The Mississippi Department of Revenue recently proposed a rule expanding the state’s sales tax to cloud computing.
The proposed amendments to the provisions regarding taxable computer equipment and services define “cloud computing” as “the delivery of computing resources, including software applications, development tools, storage, and servers over the Internet.” The term “cloud computing” includes the software as a service model (“SaaS”), platform as a service model (“PaaS”), infrastructure as a service model (“IaaS”), and similar service models.
The definitions of SaaS, PaaS, and IaaS, in the proposed rule are as follows:
- “Software as a Service” is software hosted and maintained by a third-party provider and delivered to customers over the internet as a service. The provider hosts and maintains the databases and code necessary for the application to run, and the application is run on the provider’s servers.
- “Platform as a Service” is a cloud computing model where a third-party provider delivers hardware and software tools to users over the internet. The provider hosts the hardware and software on its own infrastructure.

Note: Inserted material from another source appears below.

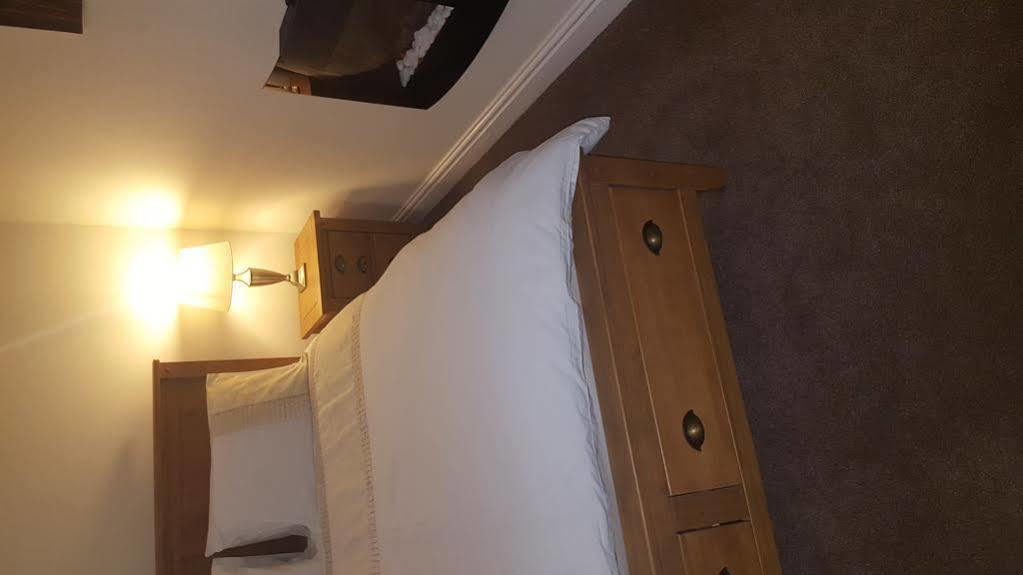 Roosecote Guest House Barrow-in-Furness Eksteriør billede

- “Infrastructure as a Service” is a cloud computing model that delivers fundamental computing, network, and storage resources to consumers on-demand, over the internet.
In its filing notice, the Department states that the rule is intended to “clarify the tax treatment of computer software sales and services when delivered through cloud computing.” However, the rules go beyond a mere clarification of the state’s existing treatment of SaaS and instead change the state’s tax position on these services. Accordingly, the amendments remove a provision in the current regulation that states: “software maintained on a server located outside the state and accessible for use only via the Internet is not taxable.” Miss. Admin. Code 35.IV.5.06(300).
The proposed rule does not contain an effective date, and it is unclear whether the Department will seek to apply it retroactively.